Originally Posted by

**sidhlyn** Gosh....thank you so much....

But....

"This leads to the system

a+b+c=0

c-b=0

-4a=8 "

is the very part I don't get.

I don't know how you got these figures. ?

I don't understand how to get to (A+B+C)y^2 + 2(C-B)y-4A?

Where did the extra A, B, & C come from.

I'm sorry....our instructer did not show us this way, but the textbook has it set up like how you've explained.

The textbook does not break down HOW to do that either.

They just print it as you did & then gives the "systems." How do you get to the systems?

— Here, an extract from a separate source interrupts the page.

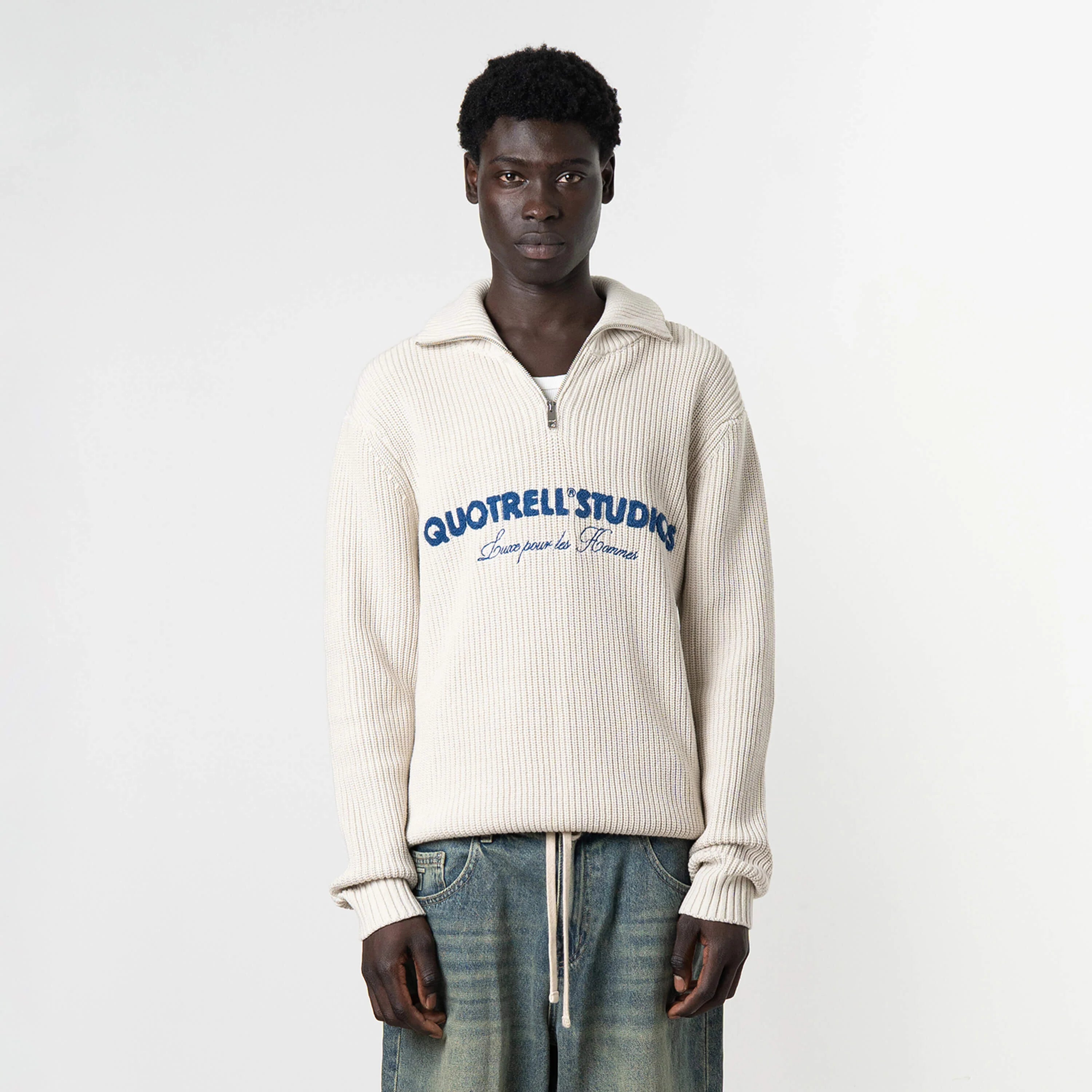 JACE STUDIO ZIP UP | LIGHT GREY MELEE/BLU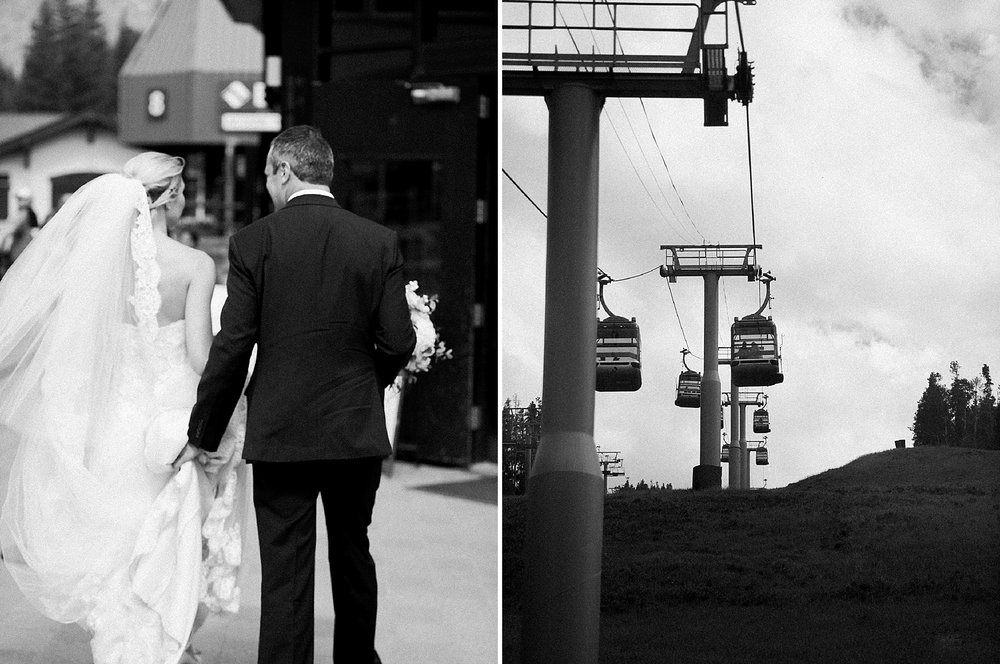 Bride and Groom taking the Vail Gondola after their wedding ceremony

I did get the antiderivative finally, but I really WANT to know HOW to do those necessary middle steps that I'm missing.

LOL- I think I was going about it the "long" way and was able to come up with A= -4 & C=1, but got stumped on solving for B because there's no way to zero out the C with "y^2= -2y" from: 8=A(y^2-4)=B(y^2-2y)+C(y^2+2y) with plugging in "y" values as we were shown by our instructor.

When you get the chance, can I please have the breakdown on how to get those "systems?" <Anyone out there who has the patience to list that out- please?> I appreciate your help & can use the info provided on my homework, but I have just got to know how to do that. I'm sure it's probably something simple I'm not seeing.

Thanks a million!!